Sun is a strategic technology partner for the new venture, along with Oracle and Cisco. Content partners will also be key to the success of the venture because schools must be able to get the curricular and administrative software they want. Iskander anticipates being able to add any vendor that a school requests. His intention is to provide schools with the broadest possible choices of competitors in every area. He does, for example, expect to integrate e-procurement solutions, and several of those players will be available to districts to choose from.

But agreements must first be defined. VIP Tone, for example, is creating a unified subscription model for all software vendors that will likely be based on a per-student/per-year model, and vendors must be able to work with that licensing mode. VIP tone must also negotiate its share of the subscription fee.

The company has announced agreements with (San Diego, CA,, Schepp Turner Productions, LLP (Muncie, IN,, iMind Education Systems (Corte Madera, CA,, PowerSchool (Folsom, CA, and Youthline USA (Howell, NJ, www.youthuine-usa). Iskander expects to announce three to four times that number by mid March.

Benefits for Content Partners

VIP Tone’s business model also outsources many needs of software publishers. Beyond providing a distribution channel, VIP Tone markets software and provides professional development training and customer support. It also collects the money.

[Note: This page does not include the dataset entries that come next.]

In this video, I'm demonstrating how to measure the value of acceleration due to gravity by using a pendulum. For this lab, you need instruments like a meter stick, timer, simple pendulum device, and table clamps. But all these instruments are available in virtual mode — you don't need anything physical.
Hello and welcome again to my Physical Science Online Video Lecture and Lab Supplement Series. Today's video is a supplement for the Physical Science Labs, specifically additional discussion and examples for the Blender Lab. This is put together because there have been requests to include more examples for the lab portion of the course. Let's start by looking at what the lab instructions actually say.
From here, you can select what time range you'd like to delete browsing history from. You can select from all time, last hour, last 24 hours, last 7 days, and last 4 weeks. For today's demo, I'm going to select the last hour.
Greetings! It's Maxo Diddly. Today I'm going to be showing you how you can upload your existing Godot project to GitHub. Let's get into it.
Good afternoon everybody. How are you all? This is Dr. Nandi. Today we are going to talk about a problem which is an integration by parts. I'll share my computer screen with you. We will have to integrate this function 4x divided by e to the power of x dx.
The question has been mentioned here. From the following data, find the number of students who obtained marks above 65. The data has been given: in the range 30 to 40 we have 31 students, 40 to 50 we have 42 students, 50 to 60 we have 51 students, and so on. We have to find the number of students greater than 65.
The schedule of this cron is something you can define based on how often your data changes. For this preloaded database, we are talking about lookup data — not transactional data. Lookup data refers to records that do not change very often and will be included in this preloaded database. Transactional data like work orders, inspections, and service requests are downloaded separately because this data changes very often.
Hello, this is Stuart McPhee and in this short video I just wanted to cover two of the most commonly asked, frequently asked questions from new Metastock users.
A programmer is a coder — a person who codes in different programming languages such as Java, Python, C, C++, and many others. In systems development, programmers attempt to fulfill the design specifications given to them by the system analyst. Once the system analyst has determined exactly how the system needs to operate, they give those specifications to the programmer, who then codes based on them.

Marketing efforts will focus on three-and-half-day seminars targeted at decision makers such as superintendents and assistant superintendents. Iskander plans to bring in best of breed presenters to define what e-business and e-learning mean for K-12 issues such as assessment and accountability. The fee-based classes are likely to be co-branded with states or other entities. These seminars are also likely to go global. VIP Tone has recently acquired an Australian company that reaches Australian and Asian markets (the name can not yet be announced). Iskander is also looking at Canada, Europe and the Middle East.

VIP Tone’s training efforts will go beyond technical issues to educators’ needs of integrating content and administrative tools with the classroom. Iskander intends to bring the concept of business process re-engineering to education. “Education process reengineering” will focus on defining new habits in the classroom, such as redefining how attendance is taken or how homework is assigned and graded. The company will be working with freelance teachers and third-party professional development providers for this component.

Partnership also provides customers with a single point of customer assistance through VIP Tone’s call center. VIP Tone will address middleware issues directly, dispatch a repair person for a hardware problem, or dispatch a call to a software vendor for a problem such as a programming bug.

Content partners must have content accessible via, a web browser. Iskander also expects Internet appliances to become increasingly important in the school market, and compatibility for such devices will be important for software on the offering. VIP Tone is not strictly a thin-client solution, but Iskander certainly advocates fat pipes and thin clients.

A Quick Migration from California to the Globe

VIP Tone’s services have access to three pools of money in schools-technology, instructional media and professional development. The company is initially concentrating exclusively on California as a market. The customer base is small, “less than a handful of districts right now,” says Iskander, “between three and five depending on whether the ink has dried or not.” The company is also in discussions with some county offices of education for county-wide portals, and there are some discussions for state portals. Another acquisition that cannot yet be announced will bring the company to the East coast market. As mentioned, it is already expanding to global markets.

The company has closed two rounds of funding, a seed fund and a B round. Iskander did not disclose the amount of funding, but he says it is enough to keep them in business and allow them to pursue mergers and acquisitions. VIP Tone will purchase companies with some of the middle-ware technologies they need, companies that have consultants in process reengineering, and companies that position them in new markets.